Show that in a collision between a heavy particle and an electron the highest speed the electron can receive is 2Mv/(M+mo), where v is the speed of the heavy particle and M and mo are the rest masses of the heavy particle and the electron. Assume non-relativistic particles.

Answer 1

Answer:

$v_{m} =2Mv/(M+m)$

Explanation:

1. We have to apply the momentums conservation principle. The momentum before the collision is the same at the momentum after the collision.
2. If the electron receives the highest speed possible, so the energy is conserved during the collision.

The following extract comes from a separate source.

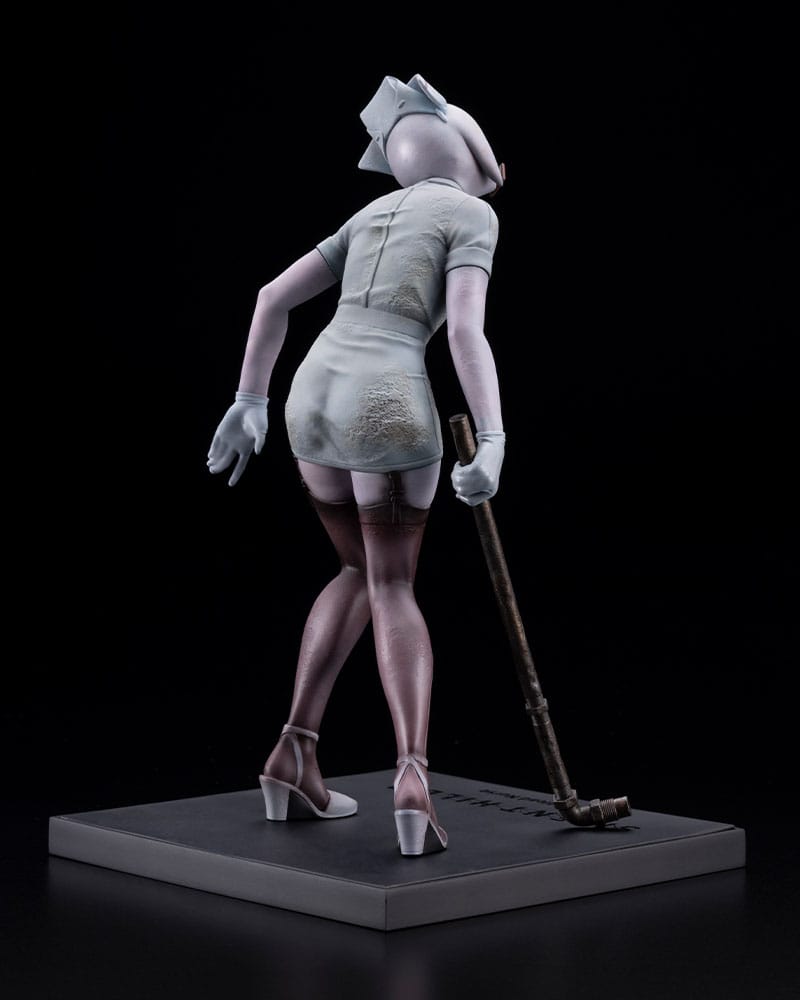 Silent Hill 2 - Oshi Works Statue Bubble Head Nurse - Figure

before the collision, the velocity of the heavy particle is v:

$p=Mv$

$E=1/2Mv^2$

After the collision :

$p=mv_{m}+Mv_{M}$

$E=1/2mv_{m} ^{2} +1/2Mv_{M} ^{2}$

So:

$Mv=mv_{m}+Mv_{M}$      (1)

$1/2Mv^{2}=1/2mv_{m} ^{2} +1/2Mv_{M} ^{2}$ ⇒ $Mv^{2}=mv_{m} ^{2} +Mv_{M} ^{2}$                  (2)

in the first equation:

$v_{M} ^{2}=(1/M*(Mv-mv_{m}))^{2}$

if we replace $v_{M}$ in the equation (2):

$Mv^{2}=mv_{m} ^{2}+1/M*(Mv-mv_{m})^{2}$

$M^{2}*v^{2}=mMv_{m} ^{2}+M^{2}*v^{2}-2Mmvv_{m}+m^{2}v_{m}^{2}$

so:

$0=Mv_{m} ^{2}-2Mvv_{m}+mv_{m}^{2}$

$2Mvv_{m}=Mv_{m} ^{2}+mv_{m}^{2}=v_{m} ^{2}(M+m)$

Finally:

$v_{m} =2Mv/(M+m)$